Il arrive toujours un moment où notre existence nous parait si fade que l'on veut y mettre un terme. Pourquoi sommes-nous là ? À quoi servons-nous ? Est-ce que l'on manque à quelqu'un ? Est-ce quelqu'un nous aime ? Il y a toutes ces questions qui tournent et nous retournent le cerveau par la même occasion.

Je ne peux pas croire qu'un jour, au-dessus de moi, il fasse soudainement beau. J'aime ce temps orageux parce que tu vois, il me rappelle qui je suis et d'où je viens. Cette pluie fine qui s'abat à l'intérieur de moi me rappelle où je vais et ce que je dois faire pour parvenir à mes fins.

S'il doit faire beau dans mon cœur, cela signifie forcément qu'il y aura une tempête dans un autre. On ne peut pas être entièrement heureux sans blesser quelqu'un. Sans profiter de quelqu'un. C'est comme ça.

- Et toi Basile, tu sais danser sous la pluie ?

Il me sourit avant de se retourner et d'agiter ses pieds commençant alors à se déhancher tout naturellement comme si une quelconque chanson l'aidait. Basile à un rythme naturel que je n'ai pas. Une grâce que j'envie presque moi qui danse comme un manche.

- Je danse qu'il pleuve ou qu'il vente. Voilà la différence entre nous deux. Dis-moi Gabriel, quel est ton premier réflexe quand il pleut ?

- Râler ? Je suppose...Comme tout le monde.

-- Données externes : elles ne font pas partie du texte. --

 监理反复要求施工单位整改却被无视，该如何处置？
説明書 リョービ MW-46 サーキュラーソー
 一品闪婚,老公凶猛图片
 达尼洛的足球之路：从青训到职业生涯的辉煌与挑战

Personne n'aime la pluie. Le temps gris, les gros nuages.

- C'est bien là le souci du monde, vois-tu. Personne ne prend le temps cinq minutes pour s'arrêter sous cette dernière. C'est vrai que ça mouille, c'est un fait, mais nous ne sommes pas faits en sucre. Nous n'allons pas mourir si nous sommes mouillés. Nous allons tomber malades dans le pire des cas, mais sinon ?

- Tu vois vraiment le positif de partout toi.

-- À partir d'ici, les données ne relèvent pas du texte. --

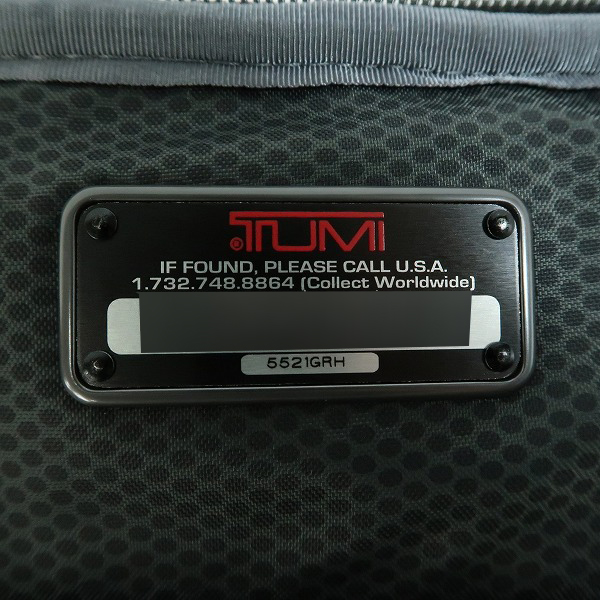 実際に弊社で買取させて頂いたTUMI/トゥミ T-TECH 3WAY ブリーフケース/ショルダーバッグ/リュックサック 5521GRHの画像 4枚目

- Oui et non. Tu l'as dit toi-même il n'y a même pas cinq minutes : Je ne vois rien.

- À ce propos, je suis désolé.

- Je sais que tu l'es. La preuve, tu es resté assis sur le tabouret en bois pour m'écouter. Tu n'es pas un mauvais gars, je le sais.

- Comment tu peux le savoir ?

- Parce que ton premier réflexe quand je me suis approché a été de me tendre les mains pour que je puisse les attraper. Tu m'aides sans même t'en rendre compte. Tu tends naturellement les mains aux gens, et ça tu vois, peu de gens le font.

Ce n'est pas comme si je pouvais le laisser se débrouiller tout seul en le regardant se dépatouiller tant bien que mal avec le mobilier de la boutique. Je veux bien l'admettre, pour un aveugle, il se débrouille vachement bien, du moins ce qu'il est capable de faire est assez surprenant, mais quand même !

- Donne-moi tes mains, je vais te prouver quelque chose.

- Quoi donc ? Tu sais je ne donne pas mes mains à n'importe qui.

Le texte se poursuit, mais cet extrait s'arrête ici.